Data excerpts Block Start

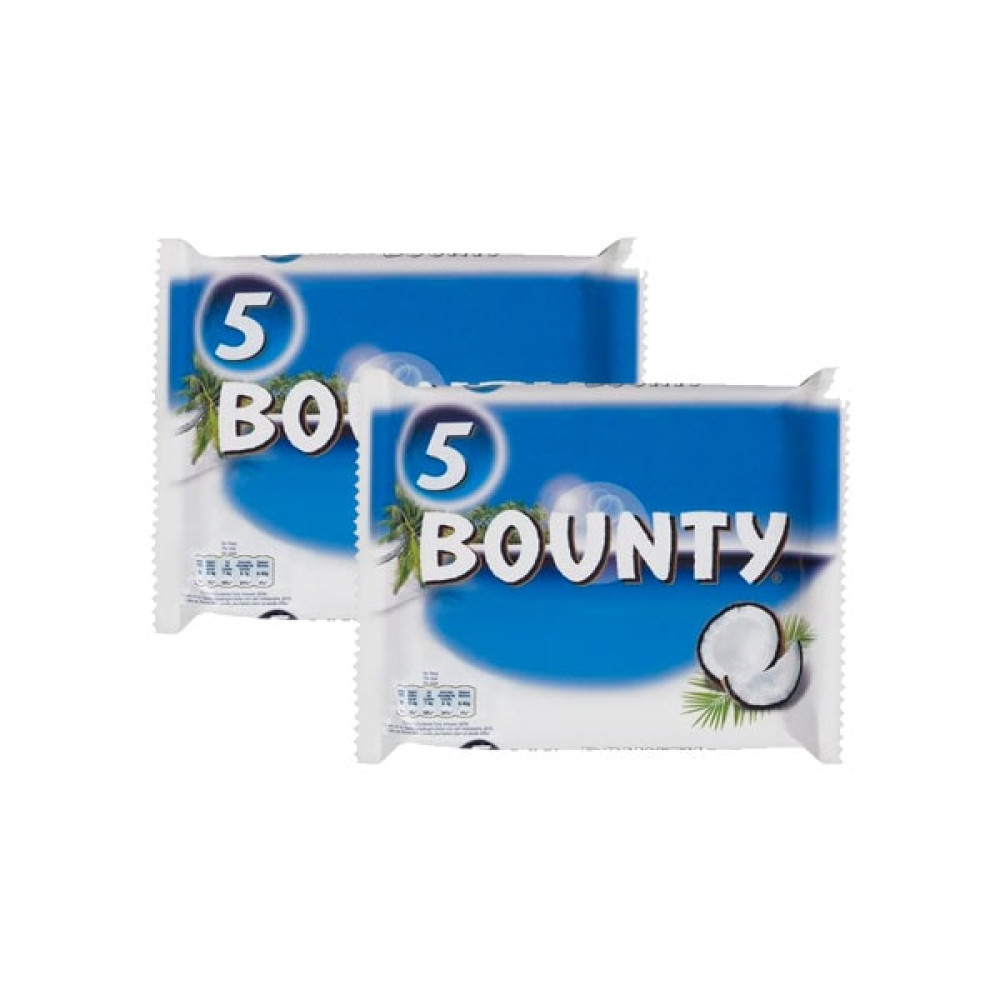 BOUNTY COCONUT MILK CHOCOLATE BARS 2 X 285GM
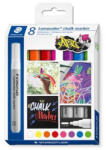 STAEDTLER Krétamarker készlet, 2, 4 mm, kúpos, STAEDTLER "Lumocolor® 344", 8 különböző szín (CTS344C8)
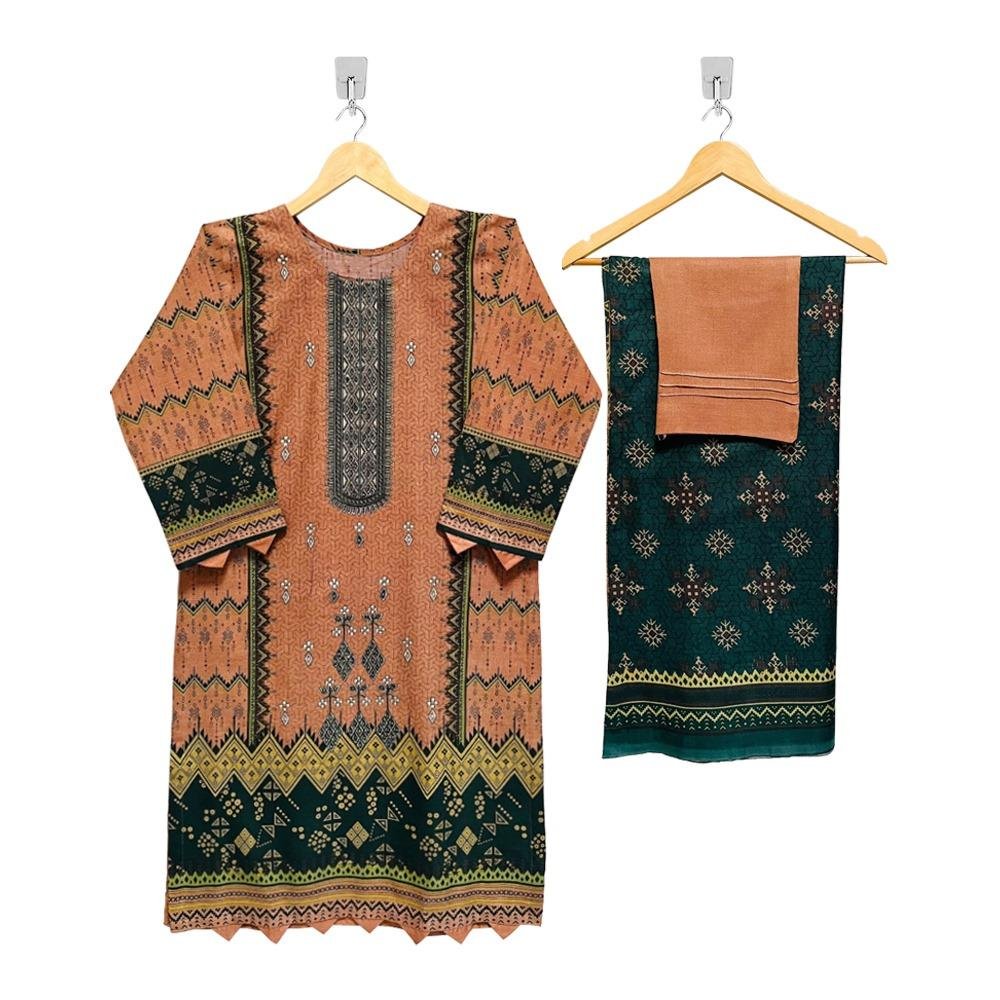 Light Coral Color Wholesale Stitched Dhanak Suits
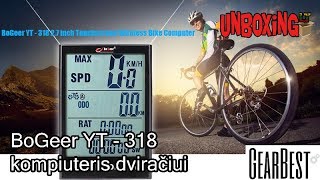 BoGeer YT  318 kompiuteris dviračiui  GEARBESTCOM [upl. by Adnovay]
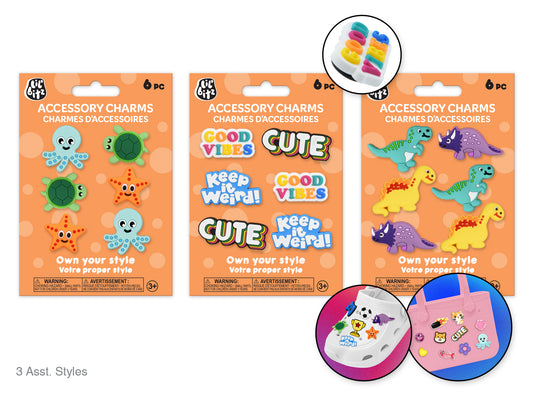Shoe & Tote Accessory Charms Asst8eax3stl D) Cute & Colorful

Data excerpts Block End

**Aim of the task:**
Each line from the one containing "STAEDTLER Krétamarker készlet, 2, 4" through the last line of the data should be written out exactly. Skip the pictures, and add no other lines.

**Solution:**
 STAEDTLER Krétamarker készlet, 2, 4 mm, kúpos, STAEDTLER "Lumocolor® 344", 8 különböző szín (CTS344C8)
 Light Coral Color Wholesale Stitched Dhanak Suits
 BoGeer YT  318 kompiuteris dviračiui  GEARBESTCOM [upl. by Adnovay]
Shoe & Tote Accessory Charms Asst8eax3stl D) Cute & Colorful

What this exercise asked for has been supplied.